Source: Interfax-Religion
Moscow, September 15, 2016
The seventh “Danilov Bells” Russian bell-ringing festival will be held in the bell tower of Moscow's St. Daniel (“Danilovsky”) Monastery on September 25.
Bell compositions will be performed at the festival by the best bell-ringers of Moscow and many regions of Russia, Belarus, Latvia and Ukraine, the press service of the St. Daniel Monastery reported Thursday to Interfax-Religion.
A wide range of participants were gathered thanks to the support of the Moscow government and benefactors from among the monastery’s parishioners.
During the festival the eighteen monastery’s historic bells which were returned from Harvard University in 2008 will be rung.
The festival coincides with the beginning of a new year of the St.
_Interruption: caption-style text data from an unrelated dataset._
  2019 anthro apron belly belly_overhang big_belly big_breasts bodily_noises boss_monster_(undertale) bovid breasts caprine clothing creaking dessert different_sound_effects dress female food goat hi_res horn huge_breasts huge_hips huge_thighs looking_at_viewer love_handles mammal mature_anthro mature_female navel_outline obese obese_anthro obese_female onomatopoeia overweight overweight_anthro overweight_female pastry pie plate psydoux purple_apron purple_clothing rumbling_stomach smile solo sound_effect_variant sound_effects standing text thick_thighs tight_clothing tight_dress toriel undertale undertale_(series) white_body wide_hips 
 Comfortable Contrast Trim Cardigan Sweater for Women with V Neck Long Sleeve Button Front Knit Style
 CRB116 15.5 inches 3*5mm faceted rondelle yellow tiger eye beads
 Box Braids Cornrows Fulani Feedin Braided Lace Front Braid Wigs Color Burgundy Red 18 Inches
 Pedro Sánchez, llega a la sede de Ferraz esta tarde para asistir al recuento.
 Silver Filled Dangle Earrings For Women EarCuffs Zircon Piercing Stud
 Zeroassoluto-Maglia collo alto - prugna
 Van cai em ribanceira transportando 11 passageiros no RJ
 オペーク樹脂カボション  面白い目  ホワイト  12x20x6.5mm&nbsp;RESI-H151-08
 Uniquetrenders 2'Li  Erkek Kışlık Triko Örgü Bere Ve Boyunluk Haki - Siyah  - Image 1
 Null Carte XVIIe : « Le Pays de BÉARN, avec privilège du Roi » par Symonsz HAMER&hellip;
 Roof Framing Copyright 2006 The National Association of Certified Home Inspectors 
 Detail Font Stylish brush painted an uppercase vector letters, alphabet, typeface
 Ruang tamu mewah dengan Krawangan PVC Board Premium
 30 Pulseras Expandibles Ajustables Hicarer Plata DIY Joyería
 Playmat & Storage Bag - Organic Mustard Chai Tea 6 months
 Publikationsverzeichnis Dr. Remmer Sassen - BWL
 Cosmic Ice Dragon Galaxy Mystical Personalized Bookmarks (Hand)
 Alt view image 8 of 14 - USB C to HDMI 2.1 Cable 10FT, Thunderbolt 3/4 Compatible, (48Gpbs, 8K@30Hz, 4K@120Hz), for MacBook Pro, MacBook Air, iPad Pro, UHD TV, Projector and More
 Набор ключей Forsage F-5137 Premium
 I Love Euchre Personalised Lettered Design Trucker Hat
Daniel’s bell-ringing classes where all willing can learn the skill of traditional Russian bell-ringing.
The present set of bells of the St. Daniel Monastery is the fourth set fully preserved after the Revolution, and in respect of its scale and musical qualities it is inferior only to the Rostov Veliky bell ensemble. The largest of the surviving bells is called “Bolshoy," or “the Big One” which weighs twelve metric tons and is unique for its melodiousness. This bell was created in 1890 by the famous Moscow master Xenophon Verevkin who also cast the bells for the Cathedral of Christ the Savior.
In July 2008 an agreement was solemnly signed at Harvard University in accordance with which in exchange for returning the historic bells of St. Daniel Monastery, Harvard received a set of replicas cast in Russia.
On the patronal feast of St. Daniel Monastery, September 12, 2008, Patriarch Alexis II blessed the bells which had arrived from Harvard, and on March 17, 2009 (another feast-day of St. Daniel of Moscow), Patriarch Kirill blessed the first tolling of the bell ensemble installed in the bell tower. The following year was devoted to thorough examination of the bells, their state and properties. The bell ensemble control system was tested and adjusted, and the historic St. Daniel’s bell tunes were revived. In September 2010 the first festival was organized in the monastery’s bell tower.
In the 1930's the eighteen bells of the St. Daniel Monastery narrowly escaped the destruction and were sold abroad. The unique bells were literally saved by the Harvard Professor Thomas Whittemore (1871-1950), then a member of the American charitable mission to Moscow. He persuaded the American businessman Charles Richard Crane (1858-1939) who had a deep interest in Russia to obtain the bells.
From that time on the St. Daniel’s bells were located on the campus of Harvard University where several buildings were re-equipped specially for them.
The first attempts to return the unique bell ensemble to Russia were made in the mid-1980's. Following the negotiations with Harvard University, organized by Patriarch Alexis II and the Link of Times foundation, and the signing in March 2007 of an agreement on the return of the eighteen ancient bells to Russia, their exact copies were cast in Voronezh under the direction of Russia’s Society of Bell-ringers. It was also decided to hand over two more bells to Harvard. They are not a part of the university’s ensemble.